Stromengpässe würden laut Habenschaden auch die Unternehmen schwer treffen. "Dies gilt es unbedingt zu vermeiden, denn ohne eine starke Wirtschaft wären wir als Kommune nicht mehr fähig, die sozialen Härten dieser Krise abzumildern." In dieser außergewöhnlichen Situation müsse Politik kompromissbereit und pragmatisch sein. "Als Grüne übernehmen wir Verantwortung für München." Auf Bundesebene lehnen vor SPD und Grüne bisher einen längeren Betrieb der drei noch aktiven Atommeiler ab.

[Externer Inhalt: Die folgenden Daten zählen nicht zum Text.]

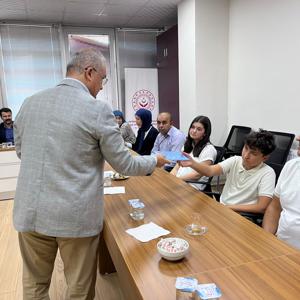 Şehit ve Gazi Çocuklarımız, Sınavda Kazandıkları Başarıyı İl Müdürümüz Bilal Erdoğan’la paylaştı. - fotoğraf 5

Grüne: CSU hat Bayern von russischem Gas abhängig gemacht

Nach Meinung des Grünen-Fraktionschefs im Stadtrat, Dominik Krause, ist es wegen der "sehr angespannten Versorgungslage" notwendig, "dass die Bundesregierung eine erneute Bewertung eines Streckbetriebes von Isar II vornimmt". Dabei könnten die bereits genutzten Brennelemente für einige Monate weiterverwendet werden, ohne dass neuer Atommüll entstehe. "Die Verlängerung des Betriebs von AKWs, wenn auch nur für wenige Monate, widerspricht unseren politischen Zielen als Grüne. Doch wir stehen auch in der Verantwortung, die Energieversorgung für alle sicherzustellen."

Habenschaden attackierte zugleich die CSU scharf: "Die CSU hat Bayern von russischer Energie abhängig gemacht. Kein anderes Bundesland importierte 2021 annähernd so viel Gas und Öl aus Russland." Gleichzeitig sei durch die Staatsregierung der Ausbau von Erneuerbaren Energien verschlafen oder aktiv verhindert worden, zum Beispiel durch die 10H-Abstandsregel. "Das rächt sich jetzt."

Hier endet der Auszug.